Di porto in porto anche per un progetto artistico.

“E per fortuna che sono spesso ospite. Perché diversamente non potrei permettermelo. Le tariffe dei porticcioli italiani sono molto care, anche 200, 300 euro per notte. E poi i porti sono vuoti. Tanti velisti stranieri li evitano proprio. Il francese che vuole andare in crociera in Grecia salta l’Italia perché rischia di spendervi gran parte del budget preventivato per la vacanza… Davvero un peccato. Detto, questo, sì, porto a terra anche un mio spettacolo in cui unisco la musica del mio violoncello di 300 anni ai classici della letteratura del mare, da Verne a De Luca.
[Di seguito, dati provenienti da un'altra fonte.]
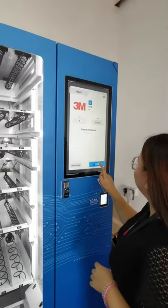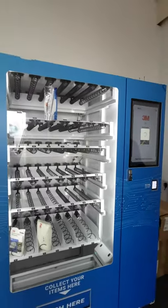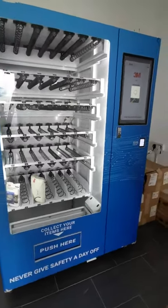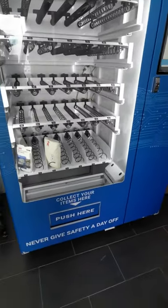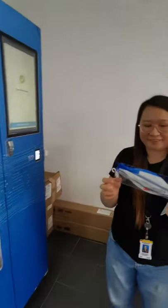Let's pick it and then scan your employee card. Right now we use an IC to demo, so the item selected is number 4. Here it shows purchase success, so we can collect the 3M mask. That's all.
La musica del mare”.

 

L’ultimo libro?

“Denecia, il nome della mia barca, che è ritratta anche in copertina da un aquarello di Michele Gallucci, per i tipi di Mursia. Mi sono immaginato che Denecia racconti la sua storia e ciò che vede intorno a sè, degli uomini e di come questi ultimi stanno trattando la natura. Un escamotage che oltre ad accarezzare l’idea romantica che vuole la barca con un’anima mi consente anche di essere più critico: detto da una barca, insomma… E’ un libro di mare, ecologia e di amore”.  “Volevo fare il direttore d’orchestra da bambino. Ma poi mi innamorai del violoncello. Fu il maestro Giuseppe Patanè, regalandomi un vinile della Sinfonia n. 9 “Dal Nuovo Mondo” di Antonio Dvořák, a farmi riprendere la rotta sognata. Ho iniziato la mia carriera di direttore a 18 anni, l’ho smessa a 48…”. Roberto Soldatini si volta indietro, dalla poppa di Denecia, per ripercorrere la sua scia.